KEY POINTS:
Michael Hill International is warning that its first half trading result will be materially below last year's record interim result of $19.5 million.
The latest result, excluding restructure tax benefits, was affected by lower margins and several one-off costs associated with United States acquisitions and internal restructuring, the company said today.
"December sales targets were difficult to achieve in the tough retail conditions we were facing, especially in New Zealand and Canada.
"Margins for the group will be significantly lower for the half due to exchange rate deterioration on inventory purchases and also due to the difficult conditions that necessitated us going on 'sale' in all markets earlier than normal," chairman Michael Hill said.

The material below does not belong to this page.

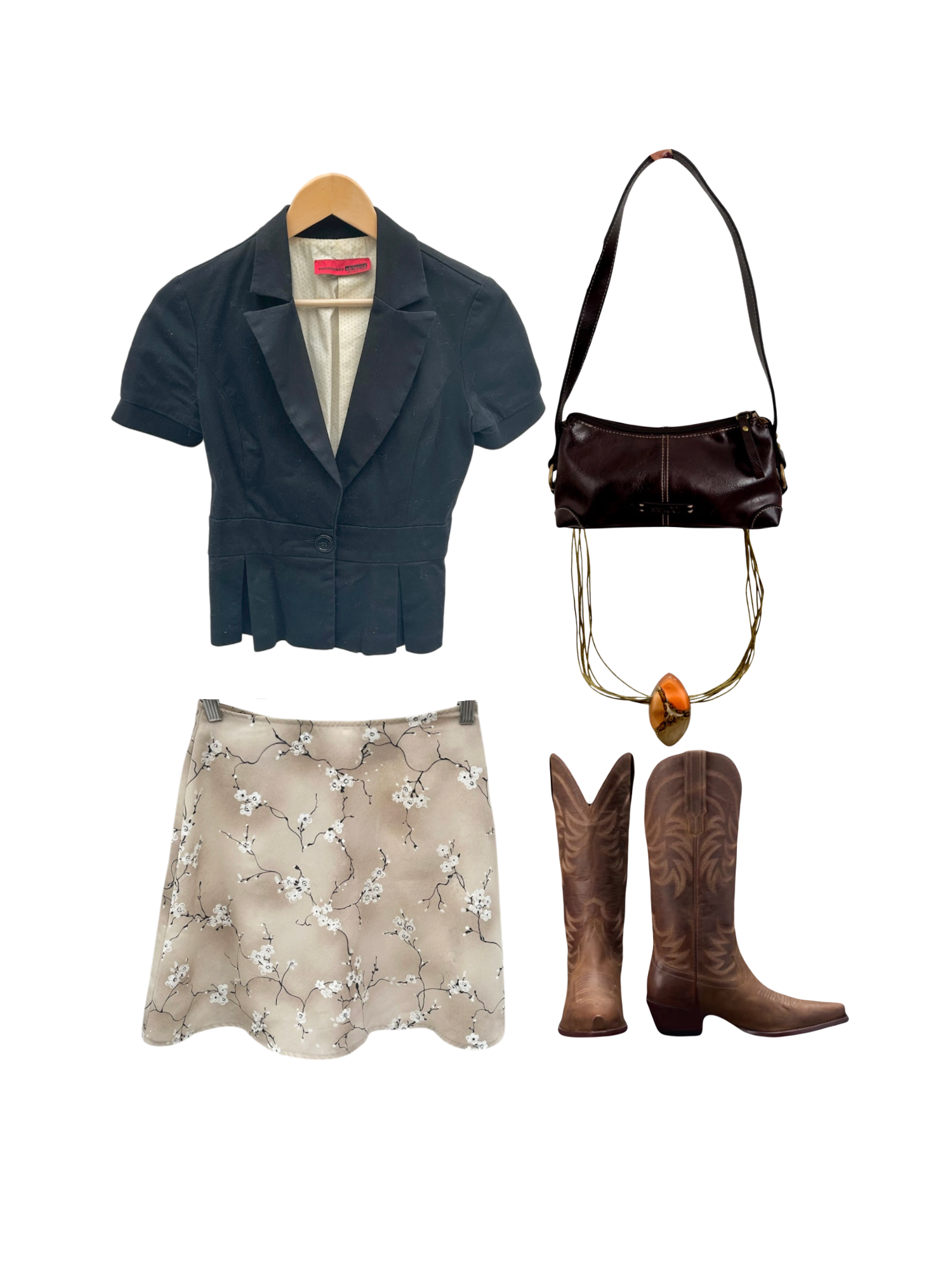 Vintage 90s Dainty Blossom Mini Skirt (S)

"A conscious decision was made to target sales at the expense of margins due to the uncertainties of the current economic climate. Managing inventories and cash flow was seen as a priority."
Sales figures published today show Australian same store sales up 1.2 per cent to A$113.7m ($137.7m) for the six months to the end of December, although in New Zealand dollar terms the increase was 5.7 per cent.

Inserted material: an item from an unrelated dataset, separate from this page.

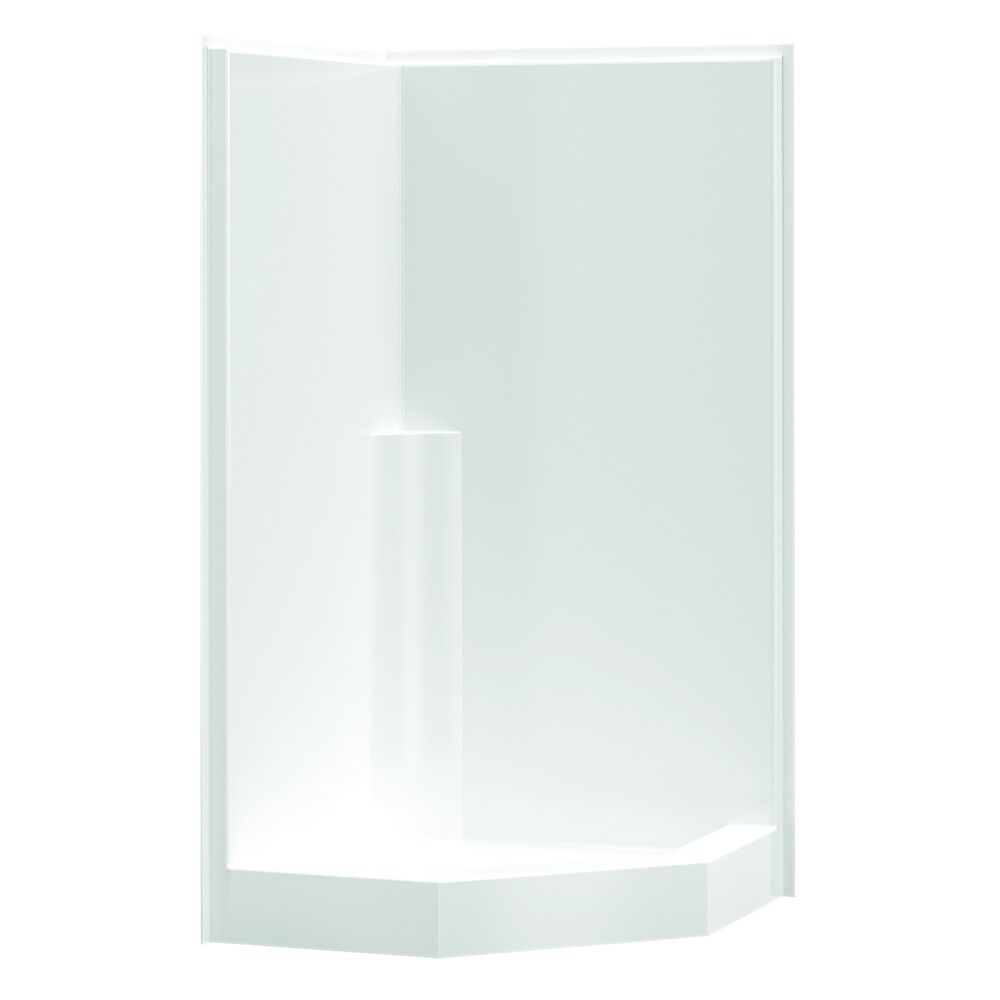 142NEO WHT 1-Piece NEO-Angle Shower Stall, 43-1/2" L x 83-1/2" H x 43-1/2" W, Fiberglass Composite, White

In this country same store sales fell 9.3 per cent to $48m. In Canada they fell 10.4 per cent to $C10.1m ($14.6m), while in NZ dollar terms the Canadian fall was 3.8 per cent.
Total same store sales rose 1 per cent to $198.9m, with the total for all stores up 8.7 per cent to $226.9m. The half year result will be released on February 20.
MHI shares were down 2c to 55c around mid-afternoon today.